Understanding where your data comes from and where it is consumed across your organization gives so many benefits beyond just traceability for governance or quality. For instance, impact analysis provides significant value and savings if it is applied to all data not just CDEs. Another is test planning, particularly system integration test planning. How much would your testing be improved if your test planners knew all the downstream systems that might be impacted by a change? A third benefit is identifying orphaned or duplicate data structures. How beneficial is it to be able to quickly identify and remove or consolidate these? How about identifying all reports that are sourced from a data structure that has been flagged with quality issues? CDEs are a good place to start but to truly take advantage of your investment in lineage, scale is your friend. Enterprise lineage is not easy but with a well thought out strategy you can get there.
What are some key considerations in building a Data Lineage Strategy?
1) Goals/ Objectives – short term, intermediate and long term for the program. These should include priority use cases for lineage to help drive scoping, a proposed timeline to provide initial value, and rollout plan for at least the first year.
2) Who is responsible and who will supply the resources for the program – who will own the strategy and the execution?
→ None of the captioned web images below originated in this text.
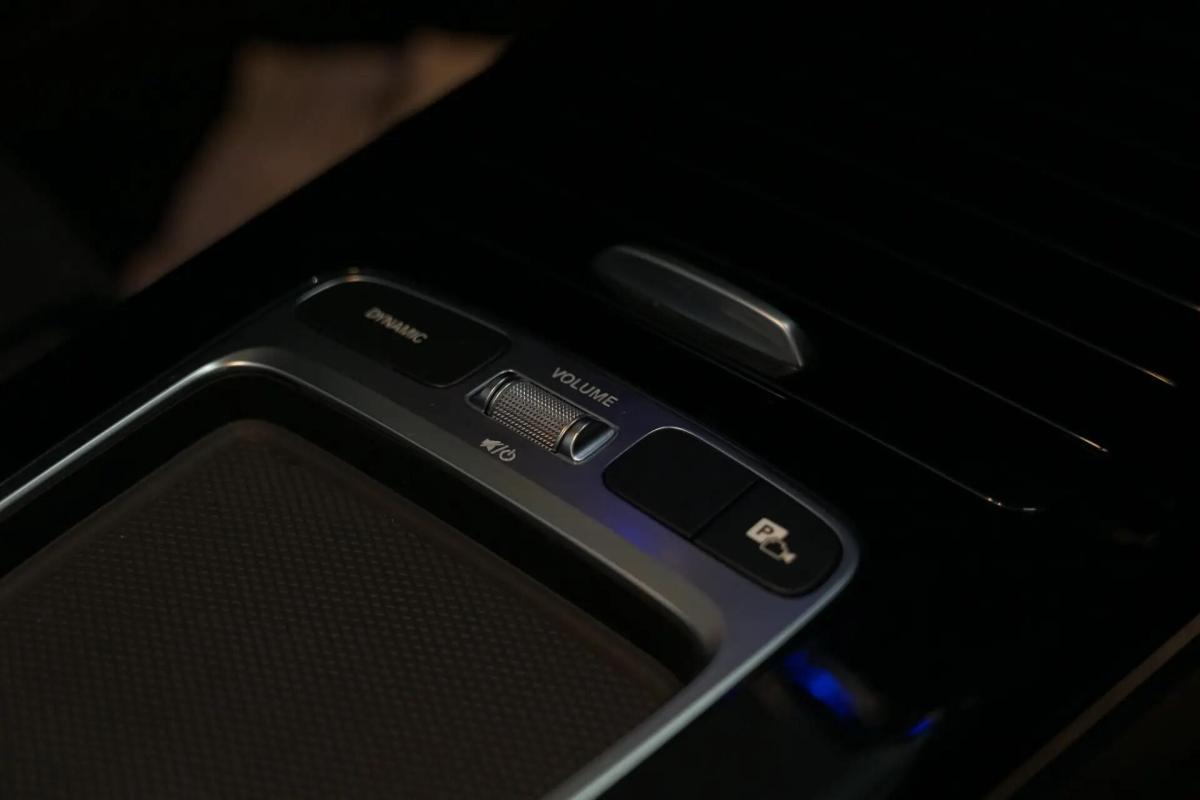 mercedes-benz-classe-a-2024-hibrido-a-gasolina-1332cc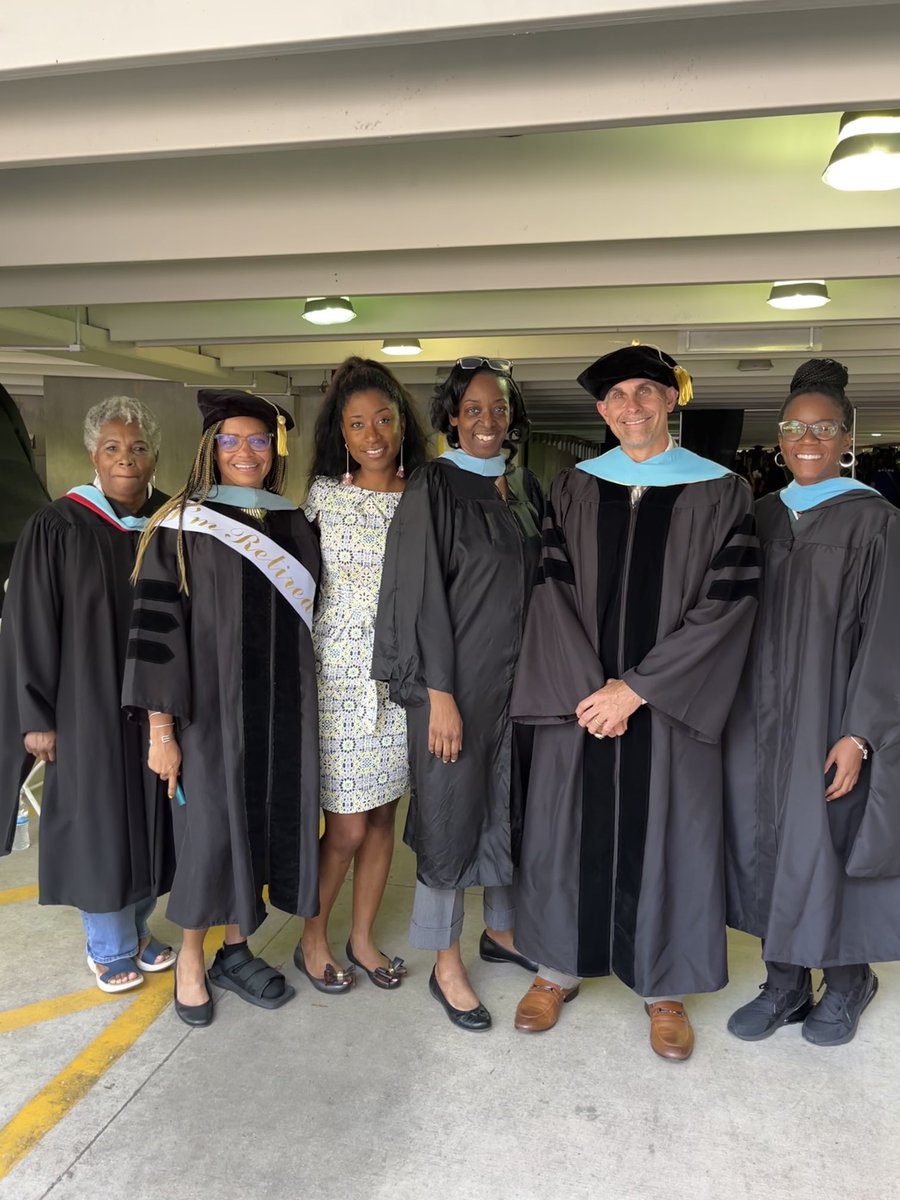 DrNormanCSauce3's tweet photo. Happening Now: about to join this incredible faculty during Clarkston High School commencement ceremony to celebrate the graduating Class of 2023! Congrats and go, ⁦@mightyangoras⁩! #DCSDRegion4 ⁦@DeKalbSchools⁩ #iLoveDCSD https://t.co/sjA4UuG58a
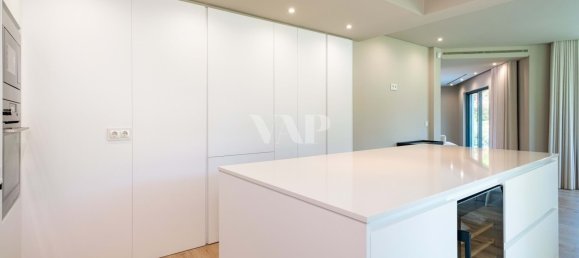 4 bedrooms Villa in Quarteira, Portugal No. 104242 11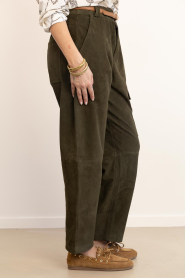 ba&sh :  Suede cargo pants Sita | dark green - img5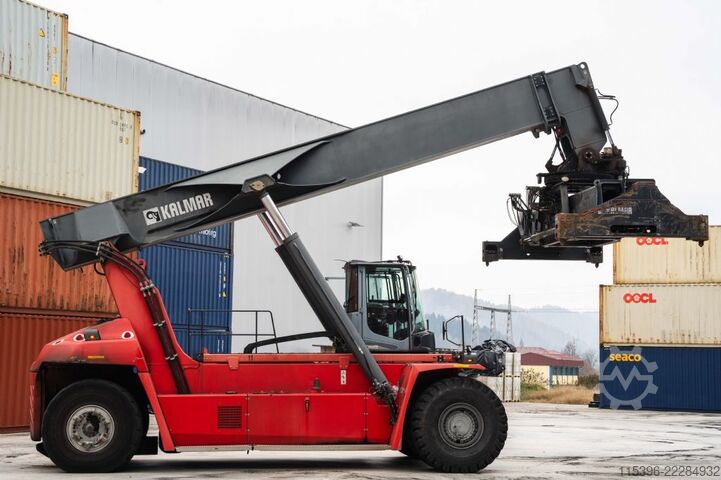 Tam konteyner erişimli istifleyici Kalmar DRG420-60S5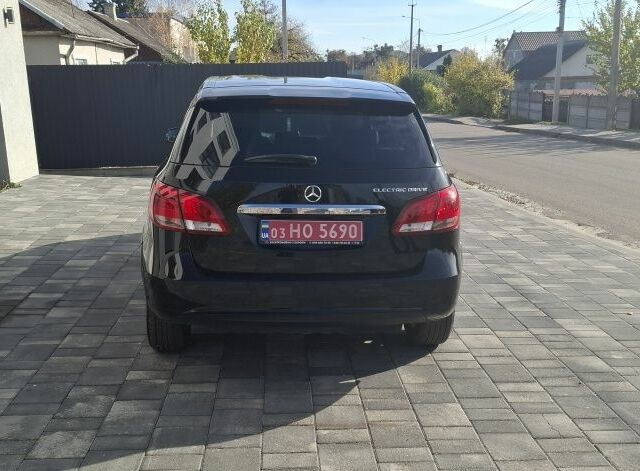 Черный Мерседес Б-класс, объемом двигателя 0 л и пробегом 149 тыс. км за 8200 $, фото 1 на Automoto.ua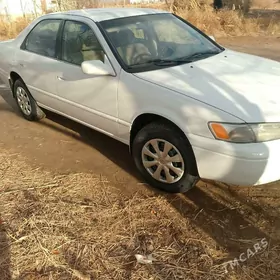 Toyota Camry 1998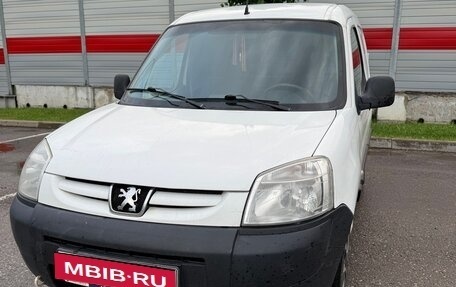 Peugeot Partner II рестайлинг 2, 2011 год, 350 000 рублей, 1 фотография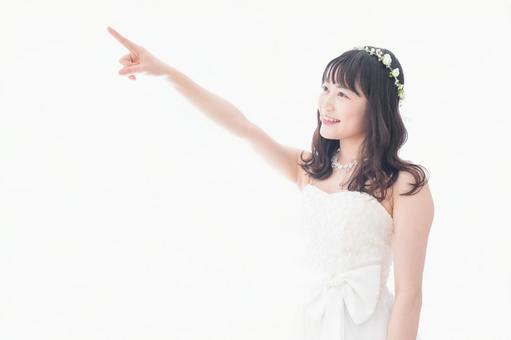 将来を指差すドレス姿の花嫁 白背景,婚姻届,生活費の写真素材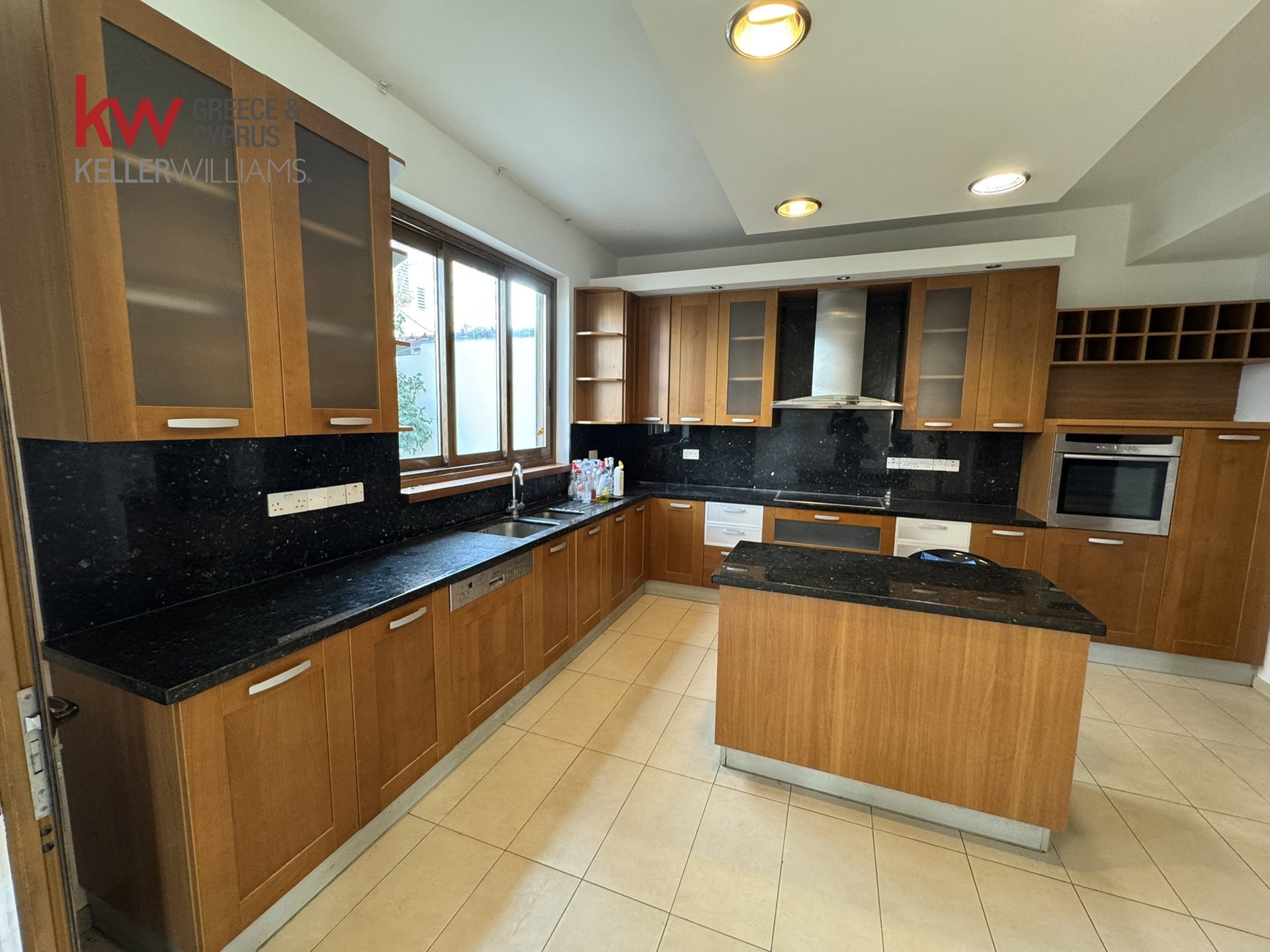 4 dormitorios Adosado en Strovolos, Nicosia, Chipre No. 39835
A data lineage program should have executive sponsorship and be part of a department or function that can work across the organization influencing and if necessary, forcing compliance with the strategy. This strategy should be resourced to be successful both from a personnel and tooling perspective.
3) Who will implement the plan? Implementing a lineage strategy will require dedicated technical resources as well as part time resources from a variety of other areas – networking, server admins, DBAs, and others.
4) Initial Scope and Priority for expansion including time schedule / phases. Who will provide the platforms in scope for the initial phases. The idea is to work through manageable chunks rather than trying to boil the ocean.
5) Who will use the system, what are their requirements, and how will they be enabled. If you want business users to use lineage it will need business context so your tooling will need to support that. All users will need training – having a plan to not only rollout the lineage but roll out the training as lineage becomes available to different areas.
6) What is the plan for building the automated capture and maintenance of lineage into your normal processes and how will you enforce compliance. Examples include:
- Rate of change to systems – how often you must run maintenance rescans.
- Time frame available for rescans – batch window, no restriction, etc.
- Ability to be notified of changes or harvest changed items for rescanning.
- Will you / can you do periodic full rescans?
7) What integrations are required / desired? Data Catalog, Data Governance Processes, etc.
8) Lineage tooling requirements – a few to consider below based on the items above.
- Automated extraction and maintenance
- Ability to capture custom objects and lineage.
- Incremental scanning to handle the volume that will ultimately be scanned or maintained.
- Ease of integration with existing tools.
- Ease of use
9) How will you measure and communicate the benefits and cost savings associated with your lineage strategy? Resources are a finite without a way to quantify and expose the benefit of your lineage program to leadership you leave yourself vulnerable to being seen as a nice to have or good place to cut during budget discussions. This is why scope is important – scope the implementation to give you an initial “sprint to value” then scope follow on phases so they each build on that initial value. Don’t be afraid to toot your own horn – share the savings with leadership and the organization at large – make sure they know the difference you are making!!
A good, well executed strategy will keep you on track and help you show value over the long-term giving you the enterprise lineage and metadata that support making your organization not only data driven but data savvy.